I’ve been struggling with this for ages. NVIDIA only supports CUDA 12 for Fedora 36 and beyond. Fedora 35 is deprecated. CUDA 12 has been out since September. PyTorch supposedly has supported CUDA 12 since late December, but it’s mid-March and there’s still no wheel for it - half a year after it came out.
I’m struggling to compile it (gcc 12.2.1), but that’s just been a fail thusfar. Appeared to be failing due to a ton of warnings and PyTorch’s use of -Werror (I’m a big fan of the use of Werror in development… but in production?). I guessed that my gcc is too new and so downgraded it, but then I got even more errors. Now I’m trying again by trying to suppress Werror and seeing how that goes…
Any chance we’ll get a wheel at any point? Thanks!
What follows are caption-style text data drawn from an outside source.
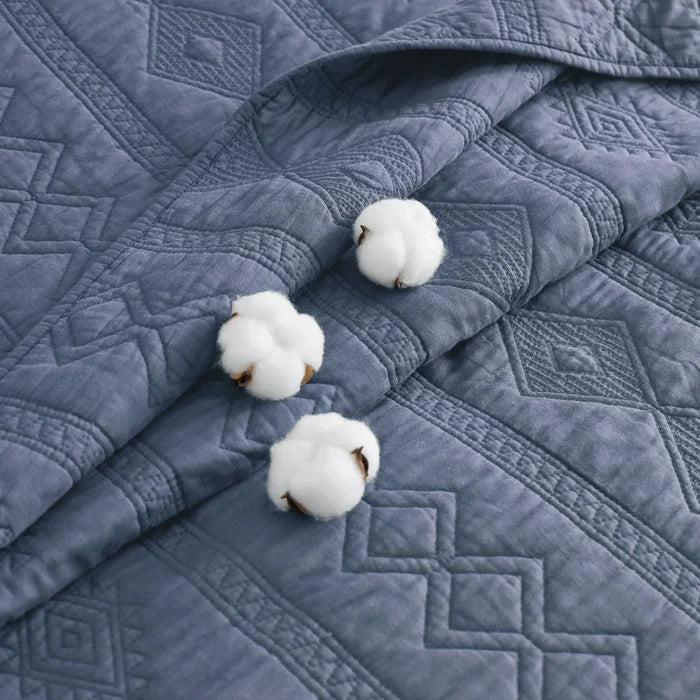 Blue diamond-quilted 100% cotton voile quilt set with decorative cotton bolls.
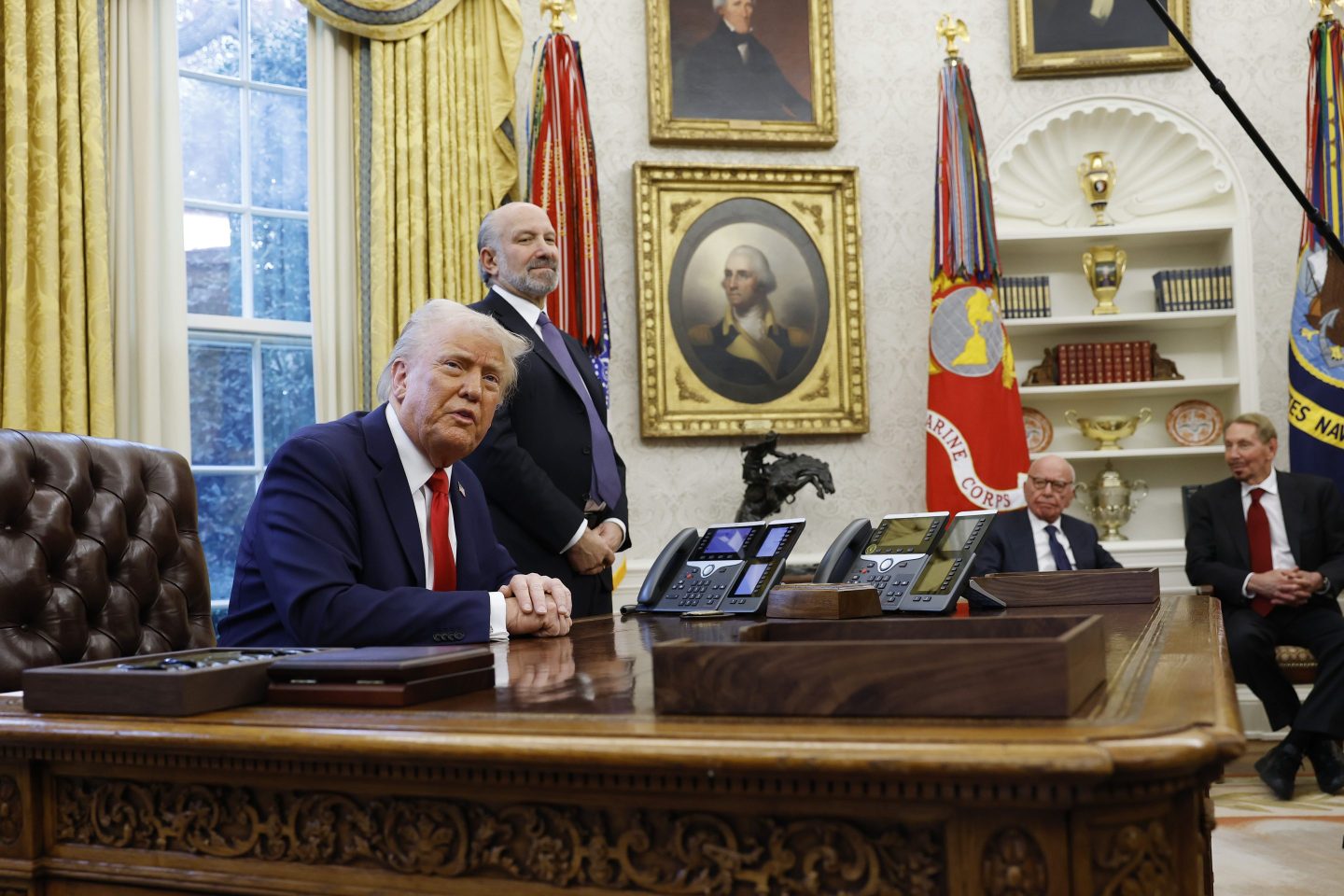 President Donald Trump signs executive orders regarding tariffs in the Oval Office.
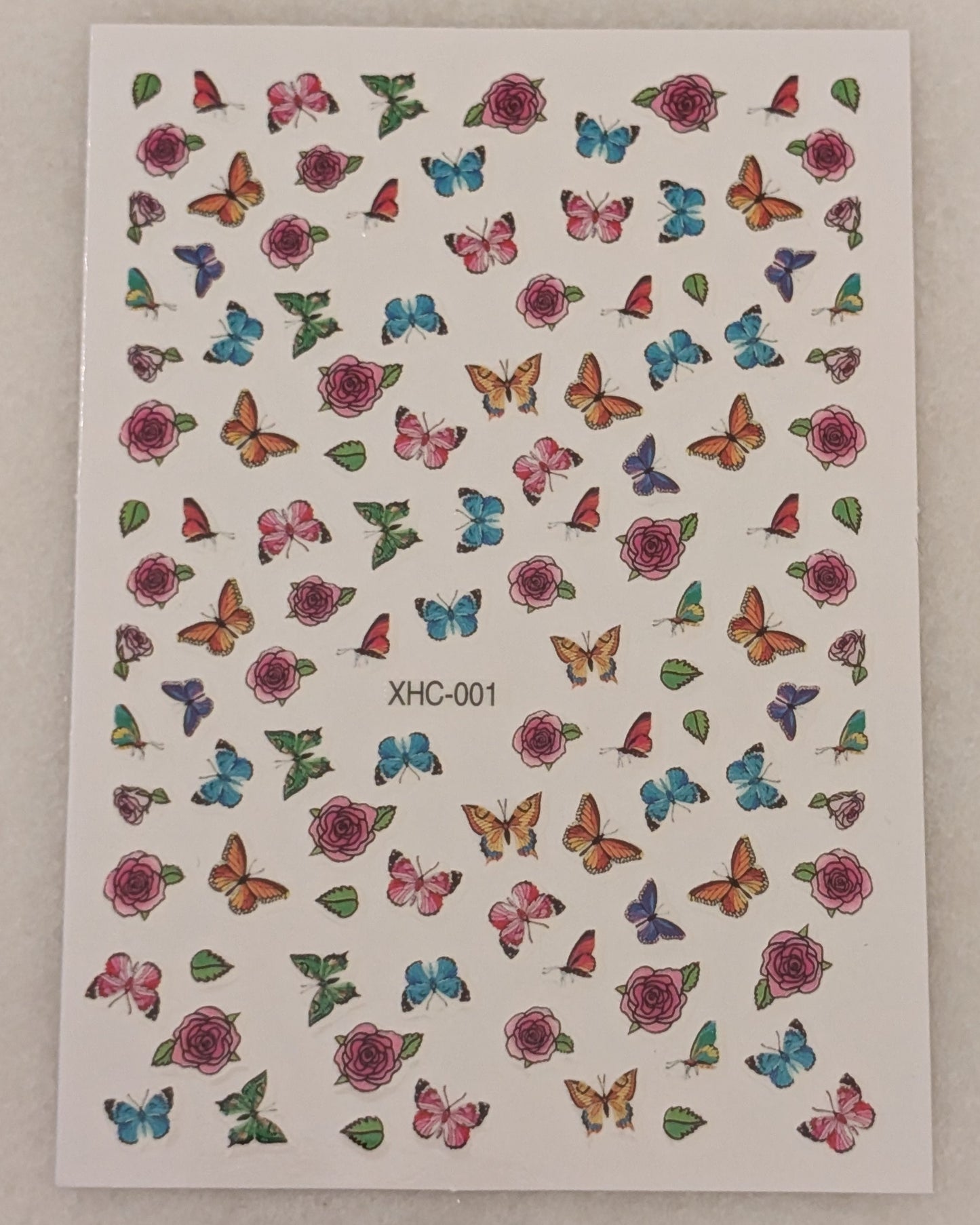 Nail art stickers with blue, yellow, orange, pink, purple and green butterflies along with pink roses and leaves.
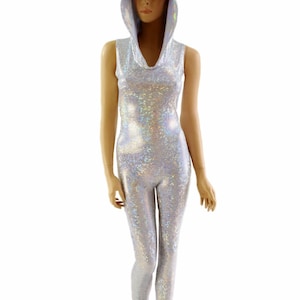 May include: A silver iridescent sleeveless jumpsuit with a hooded neckline. The jumpsuit is made of a stretchy, shiny fabric.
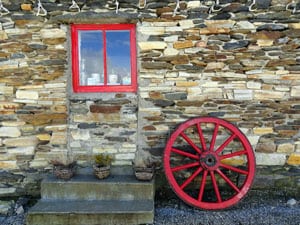 a red wagon wheel and red painted window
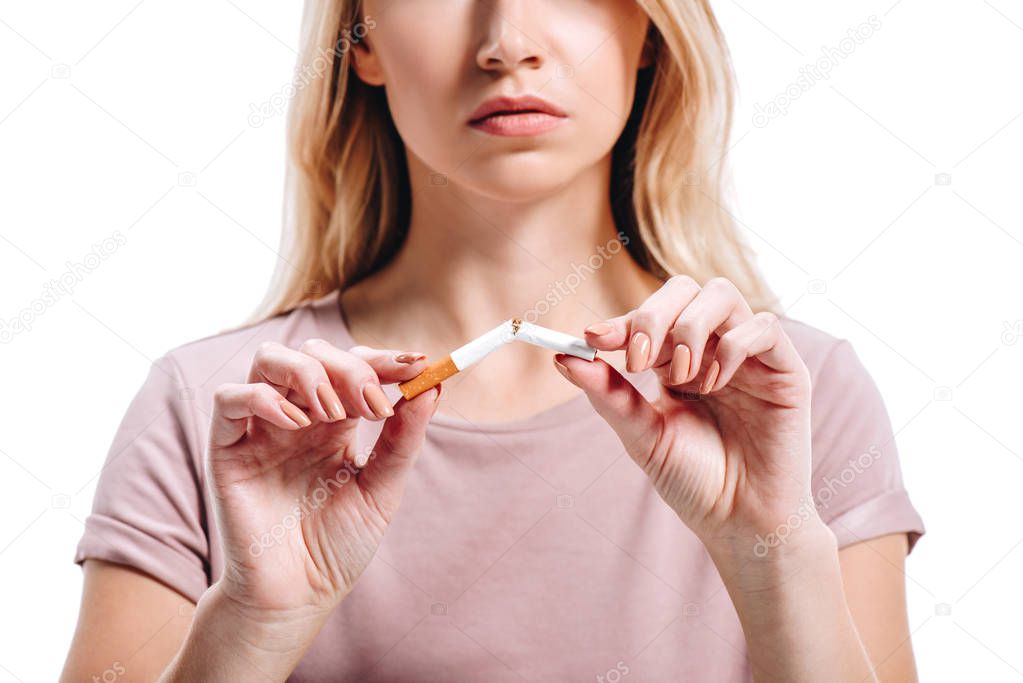 cropped image of blonde woman breaking unhealthy cigarette isolated on white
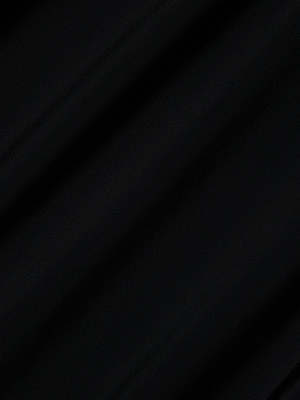 Close-up of the Akola One-Piece Swimsuit’s black UPF 50 fabric, featuring diagonal, subtle folds and a soft, lightly textured surface. The lighting casts gentle shadows that enhance the swimsuit’s smooth look.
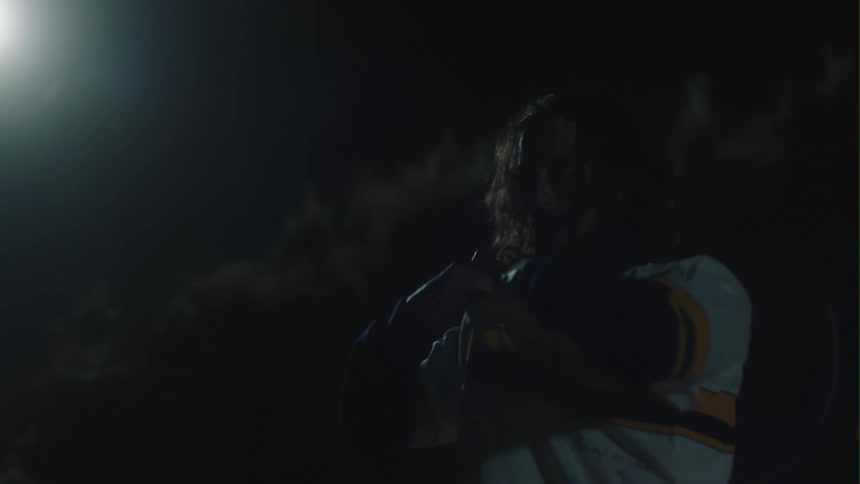 A man is standing outside in the darkness as a bright light shines from above and he pulls his shirt off over his head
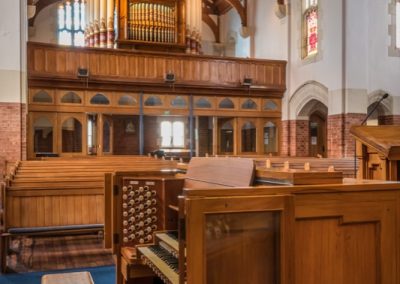 Carved wooden choir stalls and organ console in St Paul's church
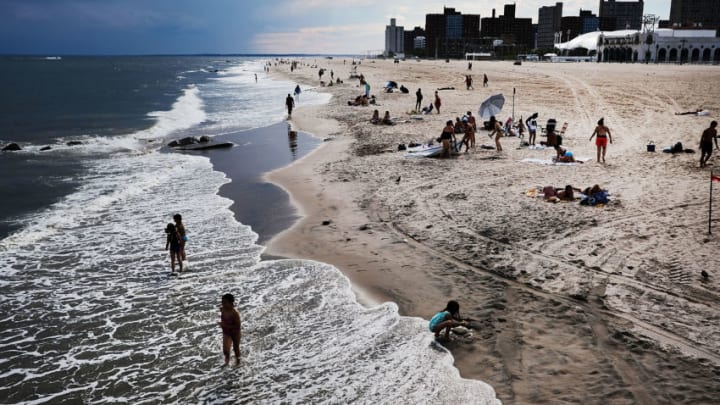 NEW YORK, NY - JUNE 21: People relax on the beach at Coney Island on the first day of summer on June 21, 2017 in New York City. Following an unseasonably wet spring, New York has been experiencing days of warm temperatures and bright sunshine. (Photo by Spencer Platt/Getty Images)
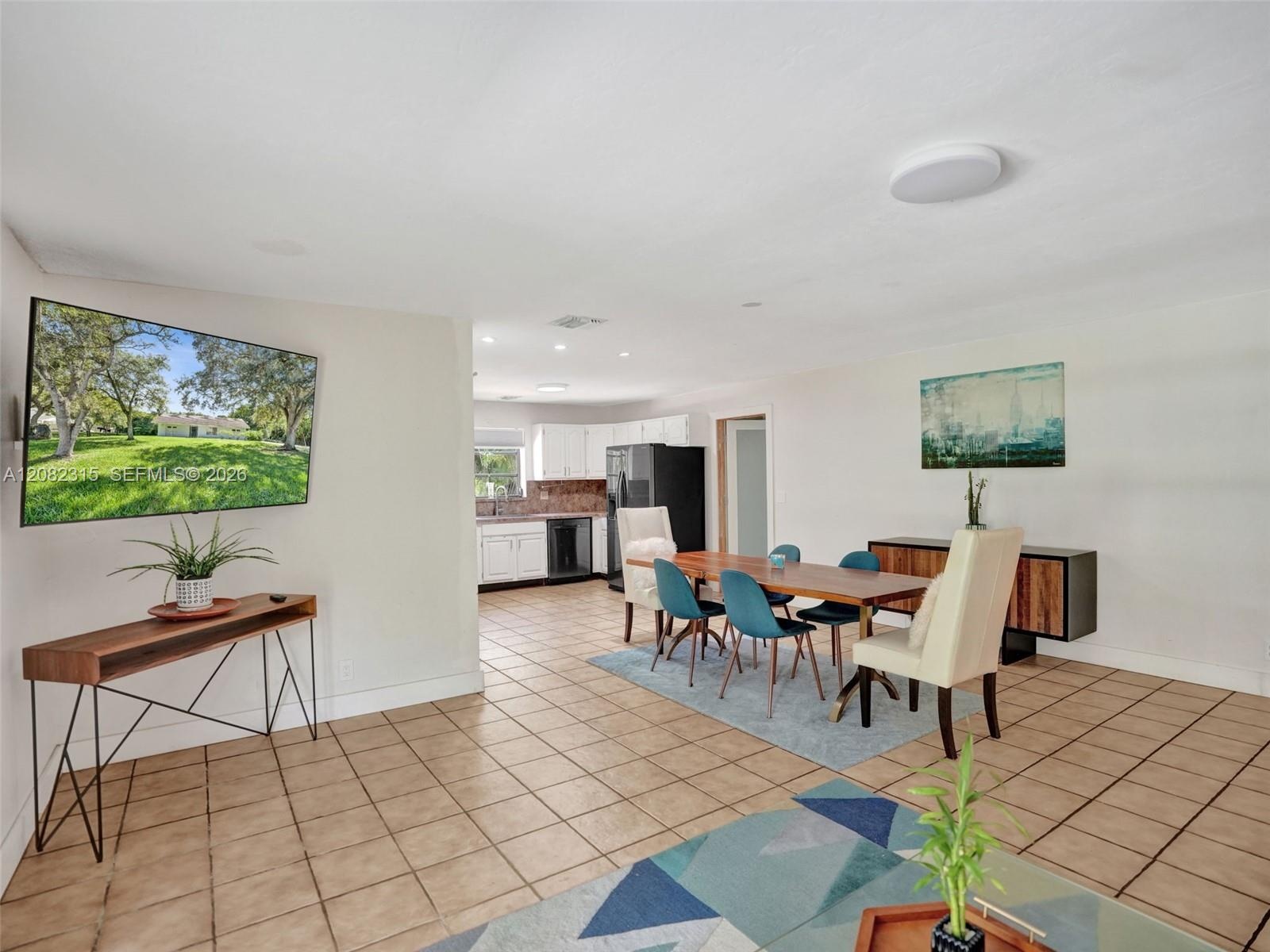 Open-concept interior featuring ceramic tile flooring, recessed lighting, and kitchen cabinetry with a neutral finish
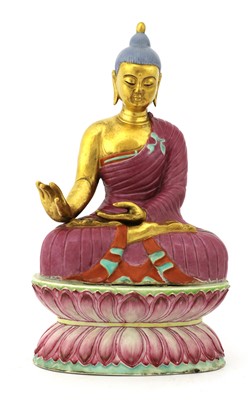 Lot 384 - A Chinese famille rose Buddha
(ED: Nope, compile failed… Fbgemm is still using Werror for some reason and complaining about possible uninitialized variables… sigh…)
(ED2: Well, I managed to shoehorn it into compiling by literally replacing my systemwide gcc/g++/cpp/c++ binaries with wrapper scripts that strip out all -Werror arguments. But now when I actually include torch/python.h, type_caster is broken:
/usr/local/lib64/python3.10/site-packages/torch/include/pybind11/detail/…/cast.h:42:120: error: expected template-name before ‘<’ token
42 | return caster.operator typename make_caster::template cast_op_type();
/usr/local/lib64/python3.10/site-packages/torch/include/pybind11/detail/…/cast.h:42:120: error: expected identifier before ‘<’ token
… I give up )
We are still in the process of discussing and merging the last few needed changes into the code base before starting with the CUDA 12.x bringup for the binaries.
If you need to use this CUDA version, you would indeed need to build PyTorch from source or just use the latest NGC containers.
As a workaround for now you could use the current binaries (stable or nightly) with CUDA 11.7 or 11.8 which already support all released GPU architectures.
Also note that your locally installed CUDA toolkit won’t be used when executing the binaries as they ship with their own dependencies unless you build a custom CUDA extension.
Okay, thanks for the update (I know that maintaining packages is a rather thankless job!)
My gamer box has CUDA 12.0 drivers. I installed CUDA 11.8 and it seemed to work, but should it have?
Yes, since the PyTorch binaries ship with their own CUDA dependencies and work with a properly installed driver. Your locally installed CUDA toolkit will be used if you build PyTorch from source or a custom CUDA extension.
You can also install the nightlies with 12.1 now.
Are there nightly docker images? I found Package pytorch-nightly · GitHub but there is no information about the used version of CUDA in those.
I’m not familiar with the nightly docker build process, but you might want to pull the container and check the used CUDA version via
Thanks, I will do that.
I am asking because he last pytorch docker 2.0.1-cuda11.7-cudnn8-runtime does not seem to support A100 and H100 GPUs (arch ‘sm_90’).
Yes, CUDA 11.7 does not support sm_90, but sm_80, and you would need CUDA >= 11.8.
Bumping this thread – is there a plan for a CUDA 12-compatible stable release imminently, or will it be just nightlies for the foreseeable future?
The next stable
2.1.0 release will use 11.8 and 12.1.
Thanks, Piotr! Is there a planned release date for 2.1.0, or is that still TBD?
(Context is I need to build an H100-compatible image soon, and I’m figuring out whether to go to 11.8 now or if I can wait a few weeks and skip to 12.x – while sticking with wheel installation.)
2.1.0 is supposed to be released ~Oct. 2023, but note that the nightly binaries already support CUDA 12.1 and ship with it, so you could try these out in case nightly works for you.